What kind of scale are we talking about? A very large one in which you are dealing with many, many thousands of machines all working together to solve a single problem. When you are dealing with a scale as large as Google’s, the tools are very prescriptive; they need to be in order to process volumes of data that are so immense. Google literally processes the entire Internet. One of the central ideas of GAE is that if you adhere to its standards, you too could have that power inside your application, and only pay for the processing power that you use.

Here it becomes evident why GAE is non-portable. It has an existing infrastructure that you are allowed to tap into only if you play by Google’s set of rules. On the one hand, you have to write your code around Google’s expectations. On the other hand, if you do so, you gain the benefits of being able to run at Google scale.

Many PaaS platforms have limitations of various types. When you are dealing with a non-portable PaaS such as GAE, those limitations can be strict. You have to adhere very closely to them in order to take advantage of GAE’s features.

With GAE, there are limitations on access to the filesystem, on access to memory, on the amount of memory you can tap into, and on how long your processes can run.

These limitations can force a developer to think in different ways. For example, let’s suppose you have a website that needs to compile a large list of information and compute data for each item on that list. In a traditional hosting environment, when a user makes a request to such a site, delivering results can take a significant amount of time. All of the processing must happen before the response goes back to the user. And, depending on the complexity of this processing, it could easily take seconds.

This is where we encounter another of the limitations within GAE: there is a set amount of time within which your application must respond. If it doesn’t respond fast enough, GAE will kill the process.

But this can actually be a positive factor in the development of the user experience if the application is designed to know that it cannot live that long. It forces the developer to ask himself, “Instead of simply doing it the way I always have done it, how does Google want me to do it?” So, instead of compiling the list every time a user hits the website, you could create a cache and serve up the list from the cache.
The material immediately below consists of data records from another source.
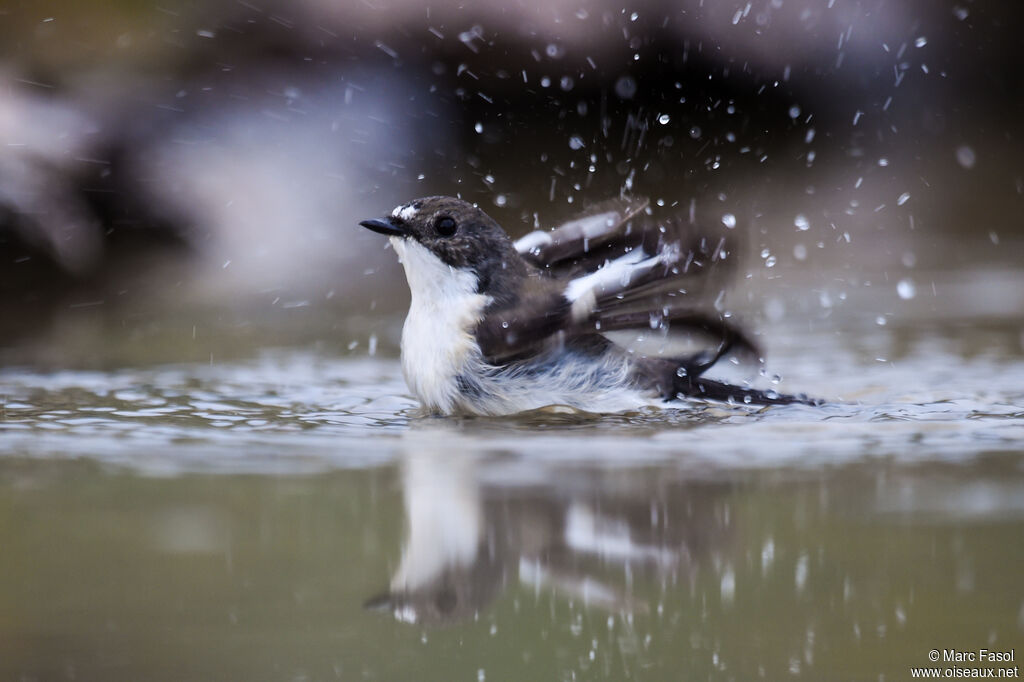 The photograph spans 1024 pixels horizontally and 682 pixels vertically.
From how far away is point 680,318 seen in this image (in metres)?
4.48

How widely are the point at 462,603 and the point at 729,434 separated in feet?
5.56

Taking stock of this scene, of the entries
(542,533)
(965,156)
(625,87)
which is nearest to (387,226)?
(542,533)

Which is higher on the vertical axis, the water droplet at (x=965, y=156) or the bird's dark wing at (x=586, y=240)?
the water droplet at (x=965, y=156)

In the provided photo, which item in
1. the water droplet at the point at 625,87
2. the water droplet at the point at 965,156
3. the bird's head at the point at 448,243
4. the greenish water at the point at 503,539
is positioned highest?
the water droplet at the point at 625,87

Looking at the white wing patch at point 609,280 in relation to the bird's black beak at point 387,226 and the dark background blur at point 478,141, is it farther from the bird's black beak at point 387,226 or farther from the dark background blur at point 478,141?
the dark background blur at point 478,141

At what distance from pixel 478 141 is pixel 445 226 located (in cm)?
570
The cache could serve very quickly and provide a better user experience. In order to compile that cache in the background, you would have to use a different set of Google tools to do those calculations in a more scalable fashion, and then put those into the caching database.

GAE has a large following and a large developer mindshare behind it. Its promise—taking advantage of the power of Google—has helped make it a leader in the non-portable PaaS category.

Windows Azure

Microsoft also thought very hard about how to build a Platform-as-a-Service. Its expertise with the .NET Framework led the company to consider the best way to accomplish this around .NET. In 2008, Microsoft launched Windows Azure.

The company set out to create a set of libraries. These were designed in such a way that if a developer were to incorporate them into her system, Azure would take advantage of those libraries in order to scale the system. Microsoft also provides standard services that can scale independently.

With Windows Azure, you have basic systems, like a message bus and queuing systems, and a variety of different options based on the specific needs of your application. These provide patterns for developers to build distributed applications that can interact with each other over networks. If you incorporate through the libraries the technologies and services that Microsoft has built, you can take advantage of the Azure system and be able to scale your application fairly quickly and easily.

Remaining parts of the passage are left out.